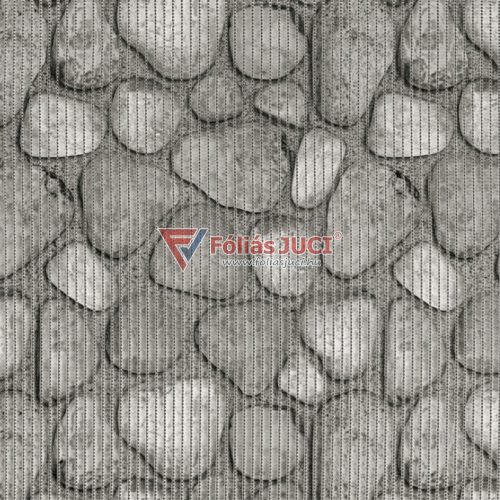Kavicsos (New Stones) Fürdőszoba szőnyeg (65 cm x 2 m )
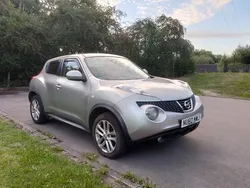 Silver Used 2010 Nissan Juke Acenta SUV | £1,450 (Good price)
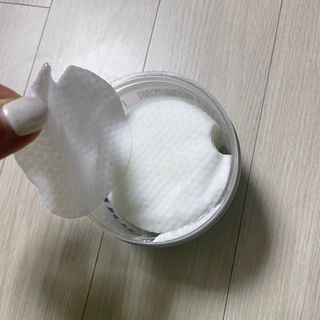 키노닉스 카모 클렌징 패드 — 5점을 준 리뷰어가 2021년 8월 올린 사용 사진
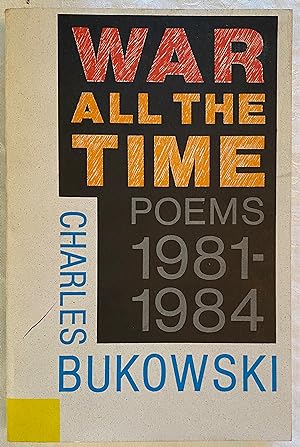 Imagen del vendedor de Wall All The Time Poems 1981-1984 a la venta por Doodletown Farm Books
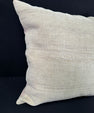 Turkish Hemp Pillow Cushion Natural Beige Pillow Cushion Cover 24x24 #30416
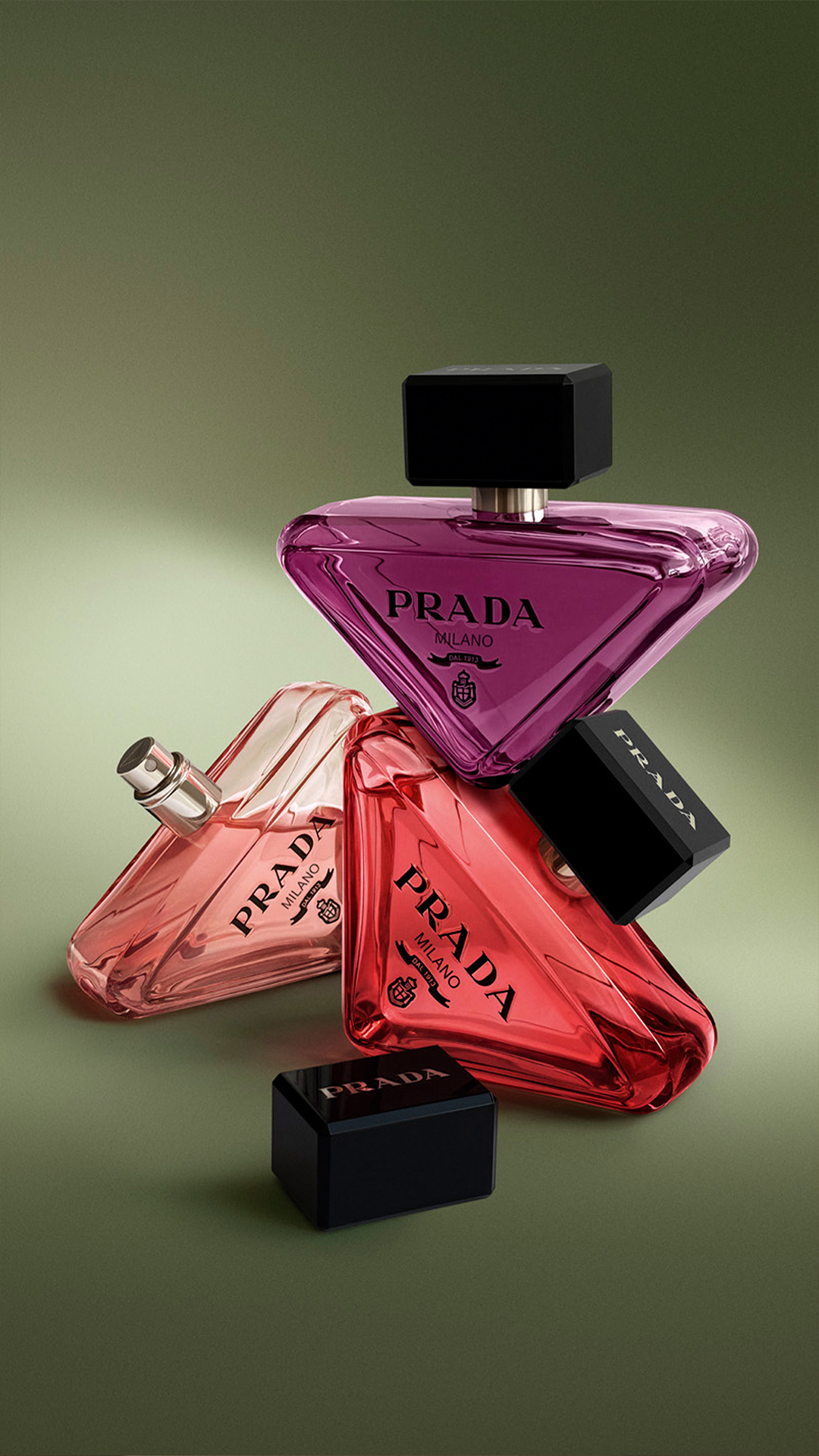 Prada Beauty Facebook ad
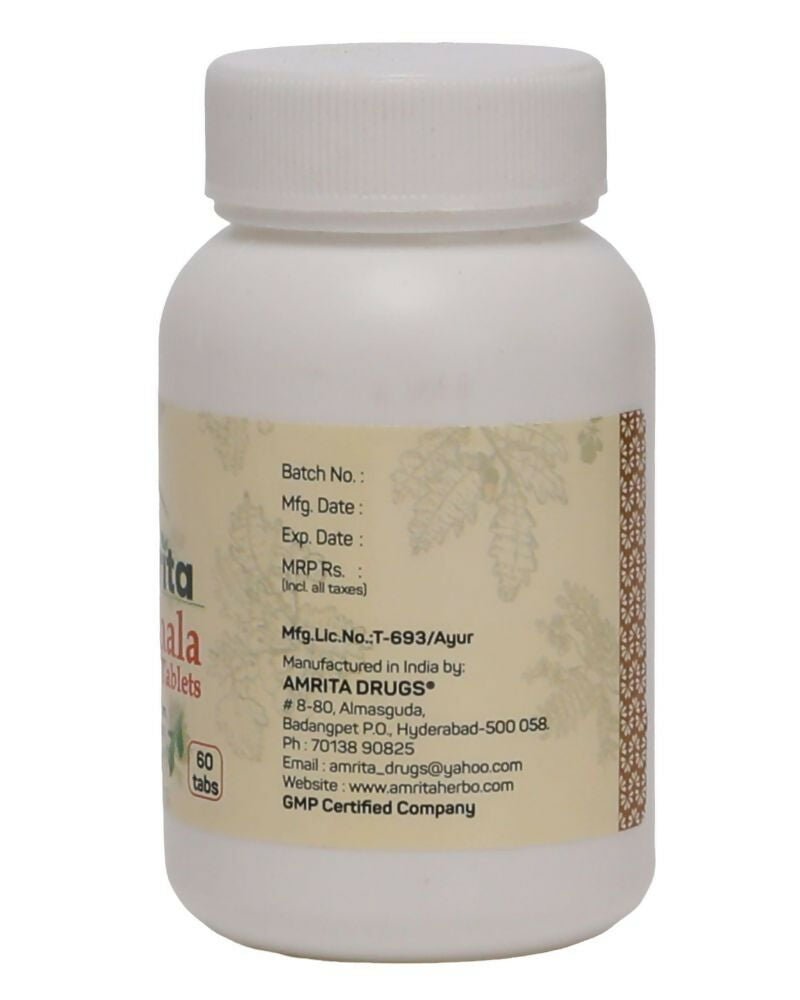 Amrita Triphala Tablets | Grocsy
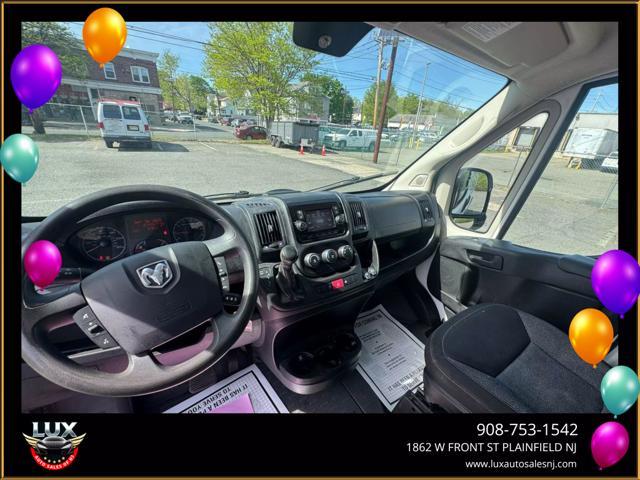 used 2019 Ram ProMaster 2500 car, priced at $16,995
^^^^
▶ **Task description**:
The lines to restate word for word run from the line that contains "Prada Beauty Facebook ad" through the end of the entries above, both ends included. Leave out all pictures and write nothing else.

▶ **Solution**:
 Prada Beauty Facebook ad
 Amrita Triphala Tablets | Grocsy
 used 2019 Ram ProMaster 2500 car, priced at $16,995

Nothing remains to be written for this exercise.